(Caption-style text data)
:::

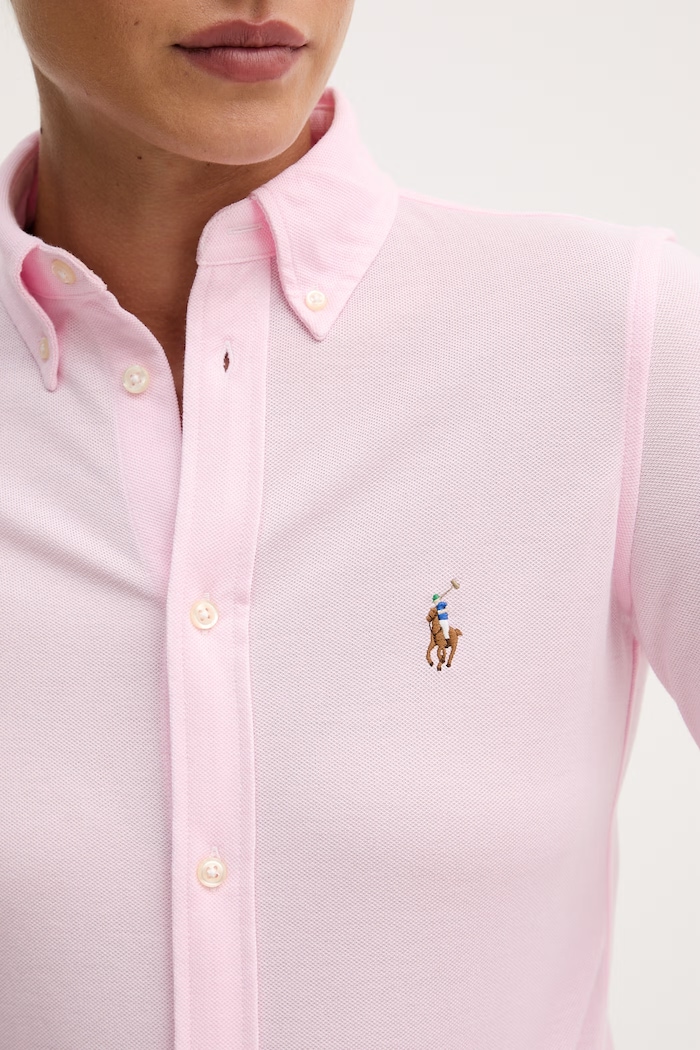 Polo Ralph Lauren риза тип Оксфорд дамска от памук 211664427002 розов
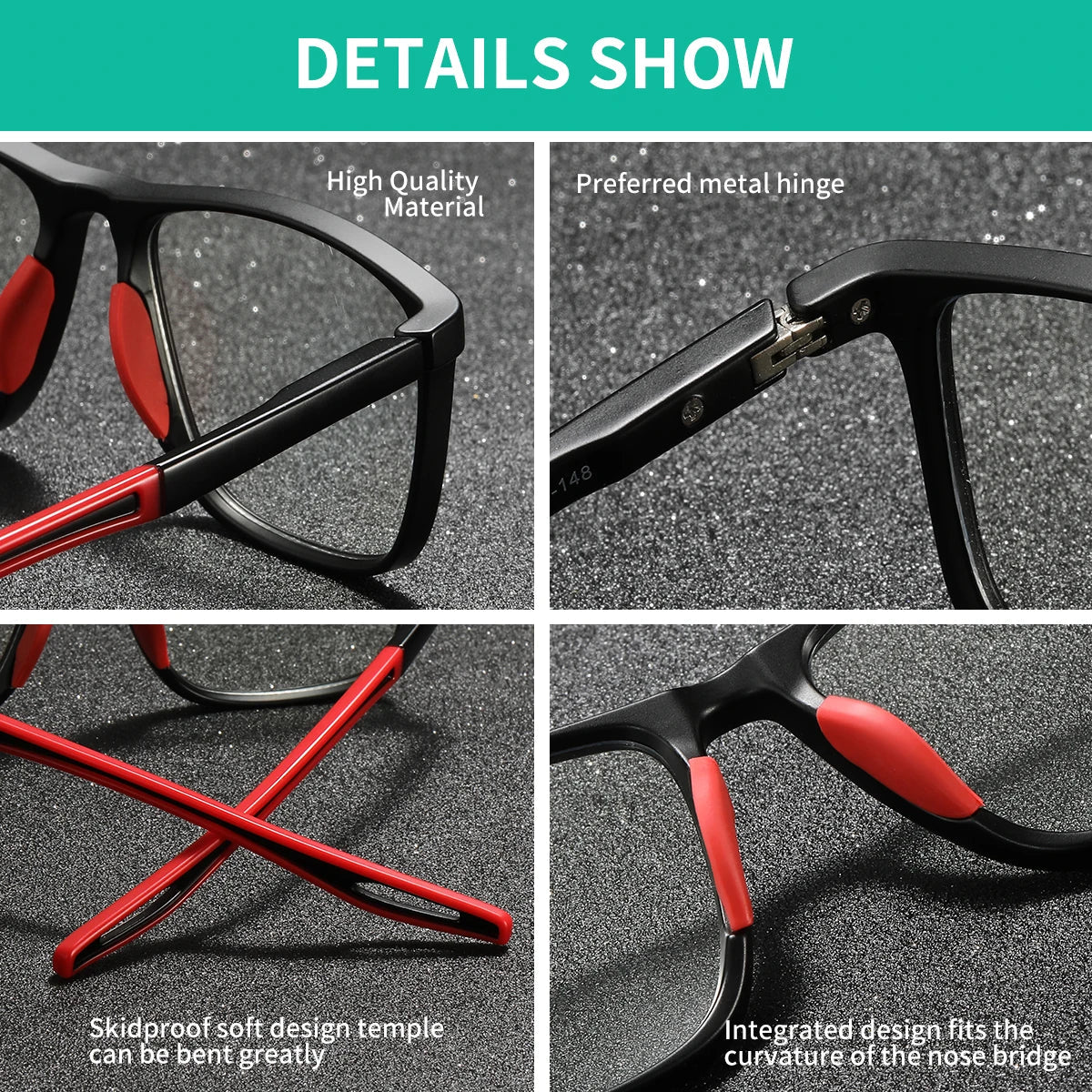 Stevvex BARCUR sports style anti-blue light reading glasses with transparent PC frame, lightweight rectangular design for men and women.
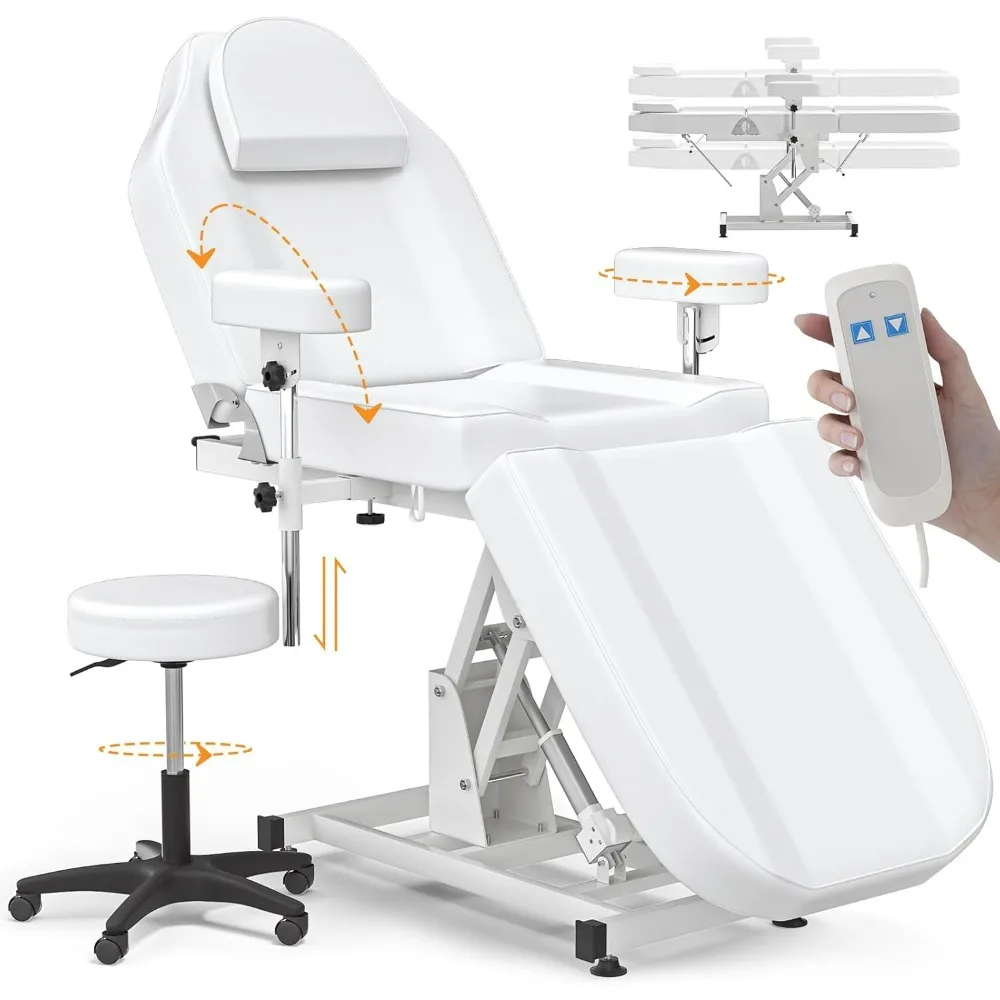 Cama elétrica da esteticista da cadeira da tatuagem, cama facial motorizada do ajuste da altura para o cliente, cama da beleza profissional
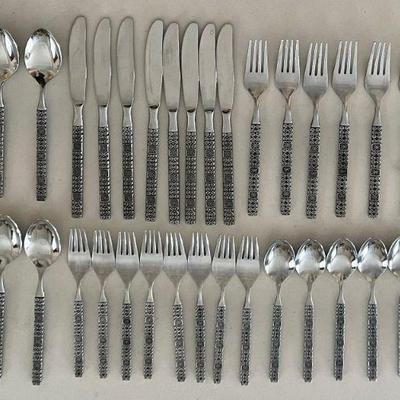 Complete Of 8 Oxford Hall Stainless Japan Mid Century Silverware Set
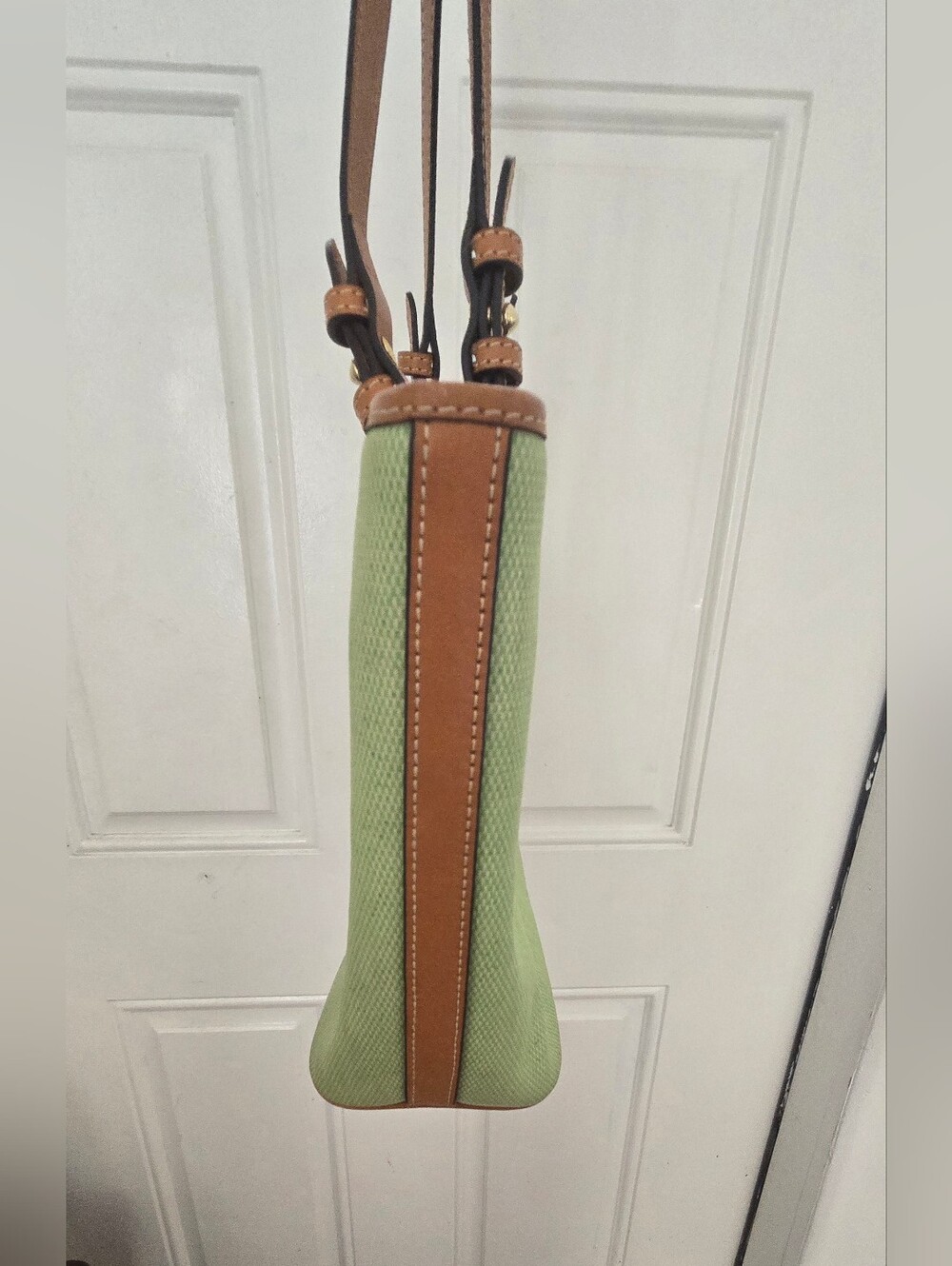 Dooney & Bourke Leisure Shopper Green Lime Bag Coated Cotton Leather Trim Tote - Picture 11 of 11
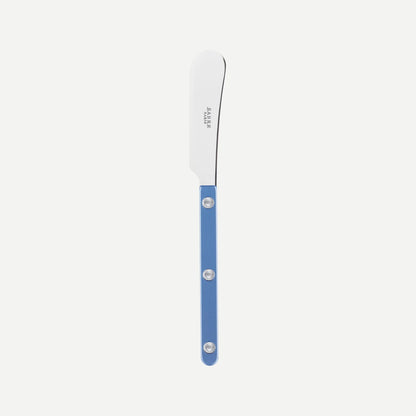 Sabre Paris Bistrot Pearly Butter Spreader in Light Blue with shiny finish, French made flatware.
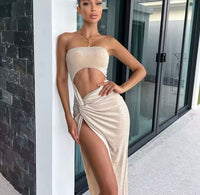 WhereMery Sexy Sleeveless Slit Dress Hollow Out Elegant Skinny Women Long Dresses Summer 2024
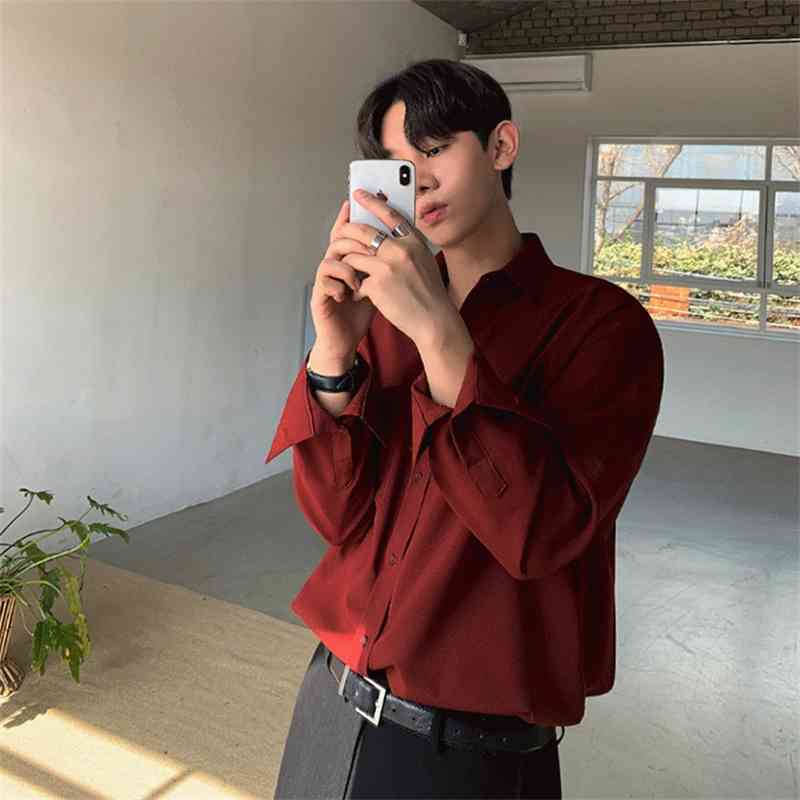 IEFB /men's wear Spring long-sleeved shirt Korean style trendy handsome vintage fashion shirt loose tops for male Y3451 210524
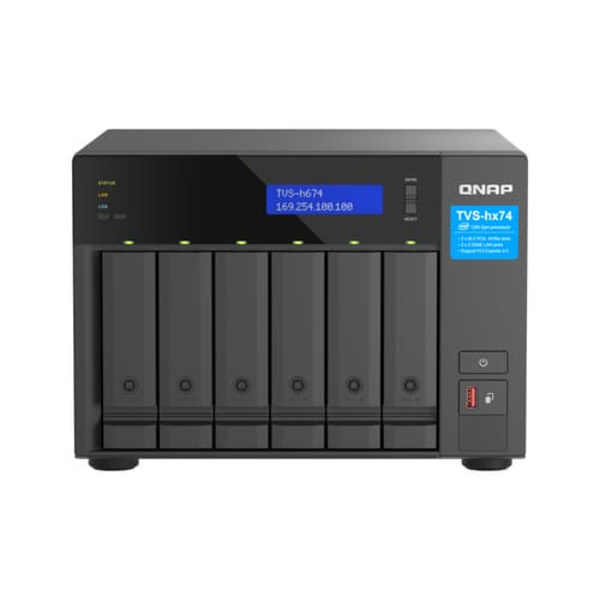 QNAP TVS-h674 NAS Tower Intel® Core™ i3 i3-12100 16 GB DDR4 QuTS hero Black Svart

:::

(TASK INSTRUCTIONS)
Repeat only the lines between the top of the entries above and the line containing "Dooney & Bourke", both ends included, without the pictures.

(EXERCISE RESPONSE)
 Polo Ralph Lauren риза тип Оксфорд дамска от памук 211664427002 розов
 Stevvex BARCUR sports style anti-blue light reading glasses with transparent PC frame, lightweight rectangular design for men and women.
 Cama elétrica da esteticista da cadeira da tatuagem, cama facial motorizada do ajuste da altura para o cliente, cama da beleza profissional
 Complete Of 8 Oxford Hall Stainless Japan Mid Century Silverware Set
 Dooney & Bourke Leisure Shopper Green Lime Bag Coated Cotton Leather Trim Tote - Picture 11 of 11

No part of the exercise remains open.